No Brasil literatura é segunda profissão ou hobby. Um autor ganha dez por cento do preço de capa do exemplar vendido, e as tiragens aqui raramente passam de dois mil exemplares. Pouco importa sobre o que o escritor brasileiro vai escrever, e muito menos se vai escrever bem: meia dúzia vai ler.
E ele / ela não vai ganhar dinheiro nenhum com isso. Pelo menos impressionar os amigos tem que poder, pô!
Escrever em tempo parcial não precisa ser problema. Muitos usam bem as conexões acadêmicas e mesadinhas variadas, de fundações, esse e aquele programa governamental. Cada um se vira como pode. Mas escritor que depende do poder político e econômico se assume subalterno.
O que nossos romancistas dizem sobre nós? Menos do que precisamos. O que perdemos com esse silêncio? Muito, tudo. As exceções reforçam a regra. A cultura do Brasil é dominada pelo consenso que compensa.
Falta de tempo e dinheiro para escrever frequentemente foi bem estimulante. James Joyce, para citar o mais celebrado vanguardista do século passado, criou Ulisses num miserê de dar gosto, exilado mundo afora, casado com uma mulher que zoava suas veleidades de artista e com dois filhos pequenos pra criar.
Na ponta oposta, a fábrica de best-sellers Stephen King pariu Carrie, seu primeiro sucesso, quando labutava como zelador e morava em um trailer, datilografando até altas horas, os nenês chorando.
Podemos e devemos fazer melhor. Escrever é técnica, e escrever bem é talento e suor. Mas a prova dos nove é escrever sobre a realidade. Ainda que no formato de um romance histórico, ficção científica, horror ou humor ou o que for.
Evidente que um romance não é melhor ou pior porque se passa na Amazônia incendiada de hoje e não no gelado Saturno do século 30. O que existem são livros mais e menos verdadeiros, mais e menos ambiciosos, e mais e menos bem-sucedidos, em relação ao tema, à trama, à linguagem, ou na criação de ambientes e personagens.
Mas as urgências do Brasil criam obrigações. A ambição da ficção brasileira pode e deve ser maior. Escritores são faróis na neblina. Vivem na escuridão. Tateiam. Tropeçam. Mas apontam rumos. Sinalizam um norte. Sem eles, nos perdemos.
Cadê os escritores de que o Brasil precisa?
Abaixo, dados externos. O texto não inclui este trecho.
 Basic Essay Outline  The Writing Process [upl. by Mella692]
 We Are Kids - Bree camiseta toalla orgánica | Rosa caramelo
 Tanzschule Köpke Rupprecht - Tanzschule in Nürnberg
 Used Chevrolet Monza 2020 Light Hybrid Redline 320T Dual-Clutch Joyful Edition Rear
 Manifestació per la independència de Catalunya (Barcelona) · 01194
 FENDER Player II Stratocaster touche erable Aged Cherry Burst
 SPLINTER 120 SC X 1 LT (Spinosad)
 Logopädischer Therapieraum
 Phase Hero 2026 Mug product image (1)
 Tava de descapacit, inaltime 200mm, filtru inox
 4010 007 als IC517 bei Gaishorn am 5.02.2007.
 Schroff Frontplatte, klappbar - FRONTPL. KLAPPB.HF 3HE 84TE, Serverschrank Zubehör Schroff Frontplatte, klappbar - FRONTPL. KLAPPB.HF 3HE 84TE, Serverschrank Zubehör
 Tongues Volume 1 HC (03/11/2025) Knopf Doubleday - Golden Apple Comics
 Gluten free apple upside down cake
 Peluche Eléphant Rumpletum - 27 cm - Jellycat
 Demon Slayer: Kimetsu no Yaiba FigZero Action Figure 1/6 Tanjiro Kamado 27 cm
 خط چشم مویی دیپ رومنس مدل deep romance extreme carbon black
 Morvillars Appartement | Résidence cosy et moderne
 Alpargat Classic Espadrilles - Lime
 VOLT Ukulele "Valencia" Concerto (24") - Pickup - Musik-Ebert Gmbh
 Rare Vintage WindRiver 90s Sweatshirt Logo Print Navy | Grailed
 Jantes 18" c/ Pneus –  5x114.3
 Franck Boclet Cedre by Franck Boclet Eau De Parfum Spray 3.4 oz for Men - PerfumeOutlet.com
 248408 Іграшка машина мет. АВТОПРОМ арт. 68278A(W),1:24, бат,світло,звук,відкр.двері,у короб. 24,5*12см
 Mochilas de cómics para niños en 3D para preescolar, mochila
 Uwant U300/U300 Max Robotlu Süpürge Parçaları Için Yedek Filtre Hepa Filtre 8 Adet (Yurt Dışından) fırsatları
Nossos guias, intérpretes, espelhos? Cadê o grande romance sobre nossa miséria e nossa fortuna? Não basta agarrar com toda força o tema. Tem que escrever maravilhosamente.
Quero, exijo, um romance contemporâneo brasileiro que me hipnotize e me leve para outro lugar, e me mostre o lugar onde nasci e vivo como eu sempre senti - e como eu nunca senti.
Um Defeito de Cor, da Ana Gonçalves, e Torto Arado, do Itamar Viera, são obras com perspectivas de Brasil muito interessantes. A primeira pede mais fôlego do/a leitor/a. A segunda e tipo um nocaute rápido. Mas ambas estão aí cumprindo seu papel de puxar a nossa literatura contemporânea para outros lugares e personagens
Como é libertador não ter o que indicar - livro ou autor... Mas há literatura boa, espalhada por aí, em rincões distantes. Aqui nas Terras de Rondon existe alguns (que não eu!). Sou mais editor que escritor. Quanto ao grau de representatividade local/regional ou nacional, sabe-se lá!
Por aqui, já assumimos que somos diletantes, não faremos sucesso em grande escala, mas sinto que muitas obras sobreviverão ao tempo excessivamente marcado pelo modismo e outros artificialismos.
O jeito será continuar a "lançar cartas à posteridade". É mais seguro e econômico.